Could the lines from the one with "Travel Duffel Bag, Weekender" through the end of the listing be restated exactly, with nothing else included?

**** DATA FOR THIS TASK ****

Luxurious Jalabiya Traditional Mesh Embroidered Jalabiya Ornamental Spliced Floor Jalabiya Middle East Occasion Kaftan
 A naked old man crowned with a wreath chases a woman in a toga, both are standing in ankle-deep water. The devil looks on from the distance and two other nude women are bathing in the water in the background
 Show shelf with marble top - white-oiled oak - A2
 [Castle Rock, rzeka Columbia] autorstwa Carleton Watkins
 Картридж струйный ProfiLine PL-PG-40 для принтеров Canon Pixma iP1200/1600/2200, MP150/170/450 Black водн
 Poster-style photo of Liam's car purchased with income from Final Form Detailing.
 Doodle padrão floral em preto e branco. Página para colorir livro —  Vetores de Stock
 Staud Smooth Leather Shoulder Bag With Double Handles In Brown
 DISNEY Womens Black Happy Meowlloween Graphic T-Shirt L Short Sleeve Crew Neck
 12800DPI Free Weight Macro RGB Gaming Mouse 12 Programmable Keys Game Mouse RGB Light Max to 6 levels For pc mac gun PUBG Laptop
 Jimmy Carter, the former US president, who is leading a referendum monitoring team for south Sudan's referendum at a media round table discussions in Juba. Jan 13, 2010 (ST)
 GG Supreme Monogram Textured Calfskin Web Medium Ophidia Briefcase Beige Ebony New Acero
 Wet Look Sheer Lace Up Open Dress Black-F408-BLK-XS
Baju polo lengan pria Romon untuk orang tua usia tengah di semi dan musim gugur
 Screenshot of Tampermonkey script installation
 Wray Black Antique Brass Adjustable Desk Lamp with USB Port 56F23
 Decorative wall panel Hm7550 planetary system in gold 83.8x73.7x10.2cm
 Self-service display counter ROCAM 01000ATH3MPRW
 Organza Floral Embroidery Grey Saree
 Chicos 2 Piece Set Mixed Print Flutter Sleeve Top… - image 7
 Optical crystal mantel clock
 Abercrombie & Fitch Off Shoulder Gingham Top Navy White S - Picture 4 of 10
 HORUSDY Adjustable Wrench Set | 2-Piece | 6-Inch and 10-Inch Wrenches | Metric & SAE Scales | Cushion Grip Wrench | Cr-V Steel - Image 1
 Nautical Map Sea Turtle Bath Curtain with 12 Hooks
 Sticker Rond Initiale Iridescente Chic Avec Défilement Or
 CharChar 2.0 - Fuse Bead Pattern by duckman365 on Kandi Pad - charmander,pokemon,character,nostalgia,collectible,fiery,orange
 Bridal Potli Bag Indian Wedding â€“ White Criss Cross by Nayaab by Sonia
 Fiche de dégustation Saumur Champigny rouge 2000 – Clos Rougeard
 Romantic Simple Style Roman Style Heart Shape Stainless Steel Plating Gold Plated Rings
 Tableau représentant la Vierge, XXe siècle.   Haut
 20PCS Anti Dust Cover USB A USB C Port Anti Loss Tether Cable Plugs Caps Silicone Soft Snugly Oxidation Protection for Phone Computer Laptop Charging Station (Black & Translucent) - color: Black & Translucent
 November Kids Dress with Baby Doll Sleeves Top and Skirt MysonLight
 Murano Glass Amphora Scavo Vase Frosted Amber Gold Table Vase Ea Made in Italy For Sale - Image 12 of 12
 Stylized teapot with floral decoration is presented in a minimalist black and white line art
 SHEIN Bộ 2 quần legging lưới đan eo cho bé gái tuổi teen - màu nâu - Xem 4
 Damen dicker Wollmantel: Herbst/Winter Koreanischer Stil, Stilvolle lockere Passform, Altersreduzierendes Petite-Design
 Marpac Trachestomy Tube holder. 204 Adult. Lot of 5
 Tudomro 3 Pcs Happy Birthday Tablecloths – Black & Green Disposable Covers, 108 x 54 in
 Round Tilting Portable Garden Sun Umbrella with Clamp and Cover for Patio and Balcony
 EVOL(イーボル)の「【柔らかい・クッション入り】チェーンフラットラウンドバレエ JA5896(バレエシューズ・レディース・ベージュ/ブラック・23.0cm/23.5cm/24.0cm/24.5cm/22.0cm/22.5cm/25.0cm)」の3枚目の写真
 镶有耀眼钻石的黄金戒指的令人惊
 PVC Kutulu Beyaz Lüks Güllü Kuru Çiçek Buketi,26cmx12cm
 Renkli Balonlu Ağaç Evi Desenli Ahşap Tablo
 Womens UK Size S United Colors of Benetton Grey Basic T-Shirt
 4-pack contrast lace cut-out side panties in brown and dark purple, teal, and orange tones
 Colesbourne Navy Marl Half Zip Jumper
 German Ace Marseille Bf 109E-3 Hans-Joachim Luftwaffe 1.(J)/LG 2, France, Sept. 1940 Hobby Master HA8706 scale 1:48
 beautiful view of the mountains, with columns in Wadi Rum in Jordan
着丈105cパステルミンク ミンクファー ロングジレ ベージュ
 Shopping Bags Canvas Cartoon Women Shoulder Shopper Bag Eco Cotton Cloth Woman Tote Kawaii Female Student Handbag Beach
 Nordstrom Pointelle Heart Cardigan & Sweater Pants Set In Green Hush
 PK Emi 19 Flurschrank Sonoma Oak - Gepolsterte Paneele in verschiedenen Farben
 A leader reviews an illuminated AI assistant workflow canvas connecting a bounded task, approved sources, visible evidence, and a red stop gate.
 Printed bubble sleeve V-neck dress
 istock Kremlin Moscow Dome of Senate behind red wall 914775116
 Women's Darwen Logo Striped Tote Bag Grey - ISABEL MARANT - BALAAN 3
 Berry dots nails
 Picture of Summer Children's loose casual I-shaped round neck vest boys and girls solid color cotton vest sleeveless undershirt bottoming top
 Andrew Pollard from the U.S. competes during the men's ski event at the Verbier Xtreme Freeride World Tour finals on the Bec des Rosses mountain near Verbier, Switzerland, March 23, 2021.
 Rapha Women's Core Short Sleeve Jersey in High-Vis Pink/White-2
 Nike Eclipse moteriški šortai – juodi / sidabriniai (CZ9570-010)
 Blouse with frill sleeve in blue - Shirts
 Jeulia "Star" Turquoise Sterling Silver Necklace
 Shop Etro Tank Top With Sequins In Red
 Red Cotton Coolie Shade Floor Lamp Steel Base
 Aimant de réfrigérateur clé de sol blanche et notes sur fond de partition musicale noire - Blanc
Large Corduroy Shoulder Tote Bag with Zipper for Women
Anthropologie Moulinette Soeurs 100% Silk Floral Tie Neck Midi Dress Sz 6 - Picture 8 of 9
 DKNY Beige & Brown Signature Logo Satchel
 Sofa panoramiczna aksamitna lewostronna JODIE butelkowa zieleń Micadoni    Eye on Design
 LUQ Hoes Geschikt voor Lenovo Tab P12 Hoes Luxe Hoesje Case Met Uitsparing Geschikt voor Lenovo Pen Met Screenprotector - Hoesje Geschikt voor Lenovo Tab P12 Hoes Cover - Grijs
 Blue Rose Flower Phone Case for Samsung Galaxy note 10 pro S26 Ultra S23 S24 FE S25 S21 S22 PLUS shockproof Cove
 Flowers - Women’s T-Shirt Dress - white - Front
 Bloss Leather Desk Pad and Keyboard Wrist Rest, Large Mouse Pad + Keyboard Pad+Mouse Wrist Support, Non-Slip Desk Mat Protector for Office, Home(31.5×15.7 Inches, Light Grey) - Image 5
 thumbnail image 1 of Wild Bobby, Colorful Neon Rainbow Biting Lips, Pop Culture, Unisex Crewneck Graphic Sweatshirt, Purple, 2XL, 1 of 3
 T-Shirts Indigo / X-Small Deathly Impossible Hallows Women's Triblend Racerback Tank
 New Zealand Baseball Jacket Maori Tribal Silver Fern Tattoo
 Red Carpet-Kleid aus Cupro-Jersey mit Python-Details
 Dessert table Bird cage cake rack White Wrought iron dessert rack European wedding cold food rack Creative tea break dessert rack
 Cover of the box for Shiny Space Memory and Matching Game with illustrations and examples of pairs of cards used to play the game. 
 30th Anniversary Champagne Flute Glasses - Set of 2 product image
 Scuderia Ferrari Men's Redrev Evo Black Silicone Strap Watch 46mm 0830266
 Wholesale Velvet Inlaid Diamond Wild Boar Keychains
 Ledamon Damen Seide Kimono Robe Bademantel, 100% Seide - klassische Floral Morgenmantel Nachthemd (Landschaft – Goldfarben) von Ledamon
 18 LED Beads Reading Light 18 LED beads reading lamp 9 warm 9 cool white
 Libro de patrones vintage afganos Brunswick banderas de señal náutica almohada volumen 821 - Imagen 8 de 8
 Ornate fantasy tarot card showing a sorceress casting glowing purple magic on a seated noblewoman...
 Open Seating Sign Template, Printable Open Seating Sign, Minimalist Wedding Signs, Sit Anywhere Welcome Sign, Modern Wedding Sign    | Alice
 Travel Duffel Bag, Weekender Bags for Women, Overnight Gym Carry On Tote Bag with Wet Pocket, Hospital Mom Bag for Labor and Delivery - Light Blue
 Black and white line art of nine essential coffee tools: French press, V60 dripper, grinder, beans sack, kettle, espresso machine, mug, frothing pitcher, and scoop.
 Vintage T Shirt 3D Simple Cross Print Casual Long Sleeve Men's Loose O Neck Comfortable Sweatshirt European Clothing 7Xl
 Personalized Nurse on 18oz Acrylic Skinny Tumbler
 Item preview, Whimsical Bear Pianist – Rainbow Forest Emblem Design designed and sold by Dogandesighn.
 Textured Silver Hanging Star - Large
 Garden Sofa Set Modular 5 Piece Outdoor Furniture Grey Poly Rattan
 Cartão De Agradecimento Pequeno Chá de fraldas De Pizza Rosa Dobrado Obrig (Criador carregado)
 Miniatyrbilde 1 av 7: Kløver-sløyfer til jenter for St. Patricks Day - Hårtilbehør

****

*FINAL ANSWER*.
 Travel Duffel Bag, Weekender Bags for Women, Overnight Gym Carry On Tote Bag with Wet Pocket, Hospital Mom Bag for Labor and Delivery - Light Blue
 Black and white line art of nine essential coffee tools: French press, V60 dripper, grinder, beans sack, kettle, espresso machine, mug, frothing pitcher, and scoop.
 Vintage T Shirt 3D Simple Cross Print Casual Long Sleeve Men's Loose O Neck Comfortable Sweatshirt European Clothing 7Xl
 Personalized Nurse on 18oz Acrylic Skinny Tumbler
 Item preview, Whimsical Bear Pianist – Rainbow Forest Emblem Design designed and sold by Dogandesighn.
 Textured Silver Hanging Star - Large
 Garden Sofa Set Modular 5 Piece Outdoor Furniture Grey Poly Rattan
 Cartão De Agradecimento Pequeno Chá de fraldas De Pizza Rosa Dobrado Obrig (Criador carregado)
 Miniatyrbilde 1 av 7: Kløver-sløyfer til jenter for St. Patricks Day - Hårtilbehør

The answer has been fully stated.